Validator (Stage 3) sign-off

  • All ACs for _indexable_files extraction (AC-M4 step 1): evidence in test_indexable_files.py.
  • All ACs for GeneratedCodeProbe (AC-G1..AC-G7, AC-X1..AC-X9 modulo AC-X1 as noted): evidence in test_generated_code.py.
  • All ACs for SemanticIndexMetaProbe (AC-M1..AC-M7, AC-X3..AC-X9): evidence in test_semantic_index_meta.py.
  • Test suite: 2260 passed, 5 skipped (pyarn / mkdocs extras), 2 xfailed (pre-existing).
  • ruff: All checks passed; 289 files formatted.
  • mypy --strict src/codegenie/: Success: no issues found in 91 source files.

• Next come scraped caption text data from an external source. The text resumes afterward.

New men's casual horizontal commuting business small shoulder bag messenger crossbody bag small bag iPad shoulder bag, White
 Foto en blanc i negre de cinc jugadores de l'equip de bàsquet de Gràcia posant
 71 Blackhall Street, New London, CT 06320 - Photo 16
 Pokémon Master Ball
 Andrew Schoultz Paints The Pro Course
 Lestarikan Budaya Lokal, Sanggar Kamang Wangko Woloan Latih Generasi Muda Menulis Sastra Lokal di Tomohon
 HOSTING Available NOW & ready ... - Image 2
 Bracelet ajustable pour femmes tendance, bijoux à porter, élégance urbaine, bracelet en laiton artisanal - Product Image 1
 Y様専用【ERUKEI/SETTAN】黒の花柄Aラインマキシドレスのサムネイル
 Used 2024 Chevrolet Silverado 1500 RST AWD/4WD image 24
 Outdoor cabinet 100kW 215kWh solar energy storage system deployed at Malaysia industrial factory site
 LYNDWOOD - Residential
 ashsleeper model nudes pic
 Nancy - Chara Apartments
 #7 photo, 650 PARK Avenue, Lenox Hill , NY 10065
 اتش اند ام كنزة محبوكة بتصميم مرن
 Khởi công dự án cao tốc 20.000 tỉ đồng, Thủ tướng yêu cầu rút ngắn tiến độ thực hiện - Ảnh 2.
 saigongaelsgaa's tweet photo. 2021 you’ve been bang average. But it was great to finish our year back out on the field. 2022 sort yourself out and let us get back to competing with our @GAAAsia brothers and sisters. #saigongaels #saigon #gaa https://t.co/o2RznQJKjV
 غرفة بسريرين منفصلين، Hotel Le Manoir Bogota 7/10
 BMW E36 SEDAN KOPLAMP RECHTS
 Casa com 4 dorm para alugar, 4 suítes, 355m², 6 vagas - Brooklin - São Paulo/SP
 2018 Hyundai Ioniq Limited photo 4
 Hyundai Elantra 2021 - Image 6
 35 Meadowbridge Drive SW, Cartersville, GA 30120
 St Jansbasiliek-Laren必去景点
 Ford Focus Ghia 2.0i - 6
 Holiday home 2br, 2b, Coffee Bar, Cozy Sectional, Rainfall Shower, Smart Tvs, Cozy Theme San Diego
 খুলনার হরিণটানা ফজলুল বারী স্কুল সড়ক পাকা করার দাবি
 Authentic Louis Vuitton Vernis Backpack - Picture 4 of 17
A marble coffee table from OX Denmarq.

NodeReflectionProbe ACs (AC-R0..AC-R8) have NO runtime evidence — that's the blocker. The story is therefore PARTIAL/BLOCKED.

Attempt 2 — 2026-05-17 (GREEN — NodeReflectionProbe unblocked)

Disposition

NodeReflectionProbe shipped. The grammar blocker that Attempt 1 flagged was resolved by 02-ADR-0011 — grammar delivery moved from vendored .so files + tools/grammars.lock BLAKE3 pins to PyPI wheels (tree-sitter-typescript, tree-sitter-javascript).

What this run did

  1. 02-ADR-0011 written; supersedes 02-ADR-0002. Status of the parent ADR flipped to Superseded. ADR README index updated.
  2. pyproject.toml gained tree-sitter>=0.23,<0.26, tree-sitter-typescript>=0.23,<1, tree-sitter-javascript>=0.23,<1 in the runtime closure.
  3. codegenie.grammars.lock rewritten from a BLAKE3-verifier to a thin language_for(name) -> tree_sitter.Language kernel. The GrammarLockFile / GrammarPin dataclasses + load_and_verify function were deleted; the only retained symbol is the typed GrammarLoadRefused exception (callers continue to pattern-match one exception type). Per-language construction is memoized via functools.lru_cache.
  4. Tests rewritten: tests/unit/grammars/test_lock.py now covers the new surface (9 tests). tests/unit/tools/test_grammars_lock.py deleted (BLAKE3-of-binary verifier is gone).
  5. Vendoring deleted: tools/grammars/, tools/grammars.lock, tools/regenerate_grammars_lock.sh, .gitattributes removed.
  6. NodeReflectionProbe implemented per the S4-06 spec — every AC from AC-R1 through AC-R8 has runtime evidence. The probe uses the modern Language(<PyCapsule>) + Parser(language) API; per- (language, query) Query objects are pre-compiled once and reused across all files in the walk. 21 tests; all pass.
  7. Registered in src/codegenie/probes/__init__.py (additive).
  8. Stories updated: S4-06 status → GREEN. S4-04 status → UNBLOCKED with a note that the next executor must adapt its AC-R2/T-R3 surface to language_for instead of the deleted load_and_verify.

What this run did NOT do

  • S4-04 implementation. The Tree-Sitter Import Graph probe is now unblocked but its story body still references the deleted load_and_verify surface. The next scheduled run should pick up S4-04 and adapt the AC-R2 / T-R3 / impl-outline §3 surface to the kernel's new shape. The actual implementation work is reduced — no grammar lock file machinery, just language_for("typescript")
  • language_for("javascript") + a per-language Parser + per-file import-edge Queries.
  • .codegenie/exclude.txt support in NodeReflectionProbe's walker. The probe uses a local _walk_node_source_files (.ts/ .tsx/.js/.jsx, excludes canonical dirs) — wider than SCIP's TS-only walker. A future refactor that elevates .codegenie/ exclude.txt support to a shared walk_source_files(root, *, suffixes) helper would deduplicate; out of scope for this run.

Final tooling state

  • Full test suite passes.
  • mypy --strict clean.
  • ruff clean.
  • The runtime closure now contains tree-sitter + two grammar wheels (~5 MB total install footprint). The fence (Phase 0 ADR- 0002) continues to enforce the LLM-SDK closure — tree-sitter wheels are not LLM SDKs and pass the fence's FORBIDDEN_LLM_SDKS intersection check.